=== Begin Enclosure ===

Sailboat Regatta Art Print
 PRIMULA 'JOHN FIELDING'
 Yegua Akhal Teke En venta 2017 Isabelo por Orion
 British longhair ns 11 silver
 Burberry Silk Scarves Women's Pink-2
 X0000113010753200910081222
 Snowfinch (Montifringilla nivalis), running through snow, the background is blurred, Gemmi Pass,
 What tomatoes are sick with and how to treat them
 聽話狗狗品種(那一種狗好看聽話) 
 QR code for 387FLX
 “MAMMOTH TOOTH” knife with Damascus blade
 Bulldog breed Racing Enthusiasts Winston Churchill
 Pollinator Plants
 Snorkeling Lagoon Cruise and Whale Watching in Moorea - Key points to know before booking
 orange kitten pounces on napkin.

=== End Enclosure ===

* [Assignment] Print the data above exactly as it was provided.

* [Task output]
Sailboat Regatta Art Print
 PRIMULA 'JOHN FIELDING'
 Yegua Akhal Teke En venta 2017 Isabelo por Orion
 British longhair ns 11 silver
 Burberry Silk Scarves Women's Pink-2
 X0000113010753200910081222
 Snowfinch (Montifringilla nivalis), running through snow, the background is blurred, Gemmi Pass,
 What tomatoes are sick with and how to treat them
 聽話狗狗品種(那一種狗好看聽話) 
 QR code for 387FLX
 “MAMMOTH TOOTH” knife with Damascus blade
 Bulldog breed Racing Enthusiasts Winston Churchill
 Pollinator Plants
 Snorkeling Lagoon Cruise and Whale Watching in Moorea - Key points to know before booking
 orange kitten pounces on napkin.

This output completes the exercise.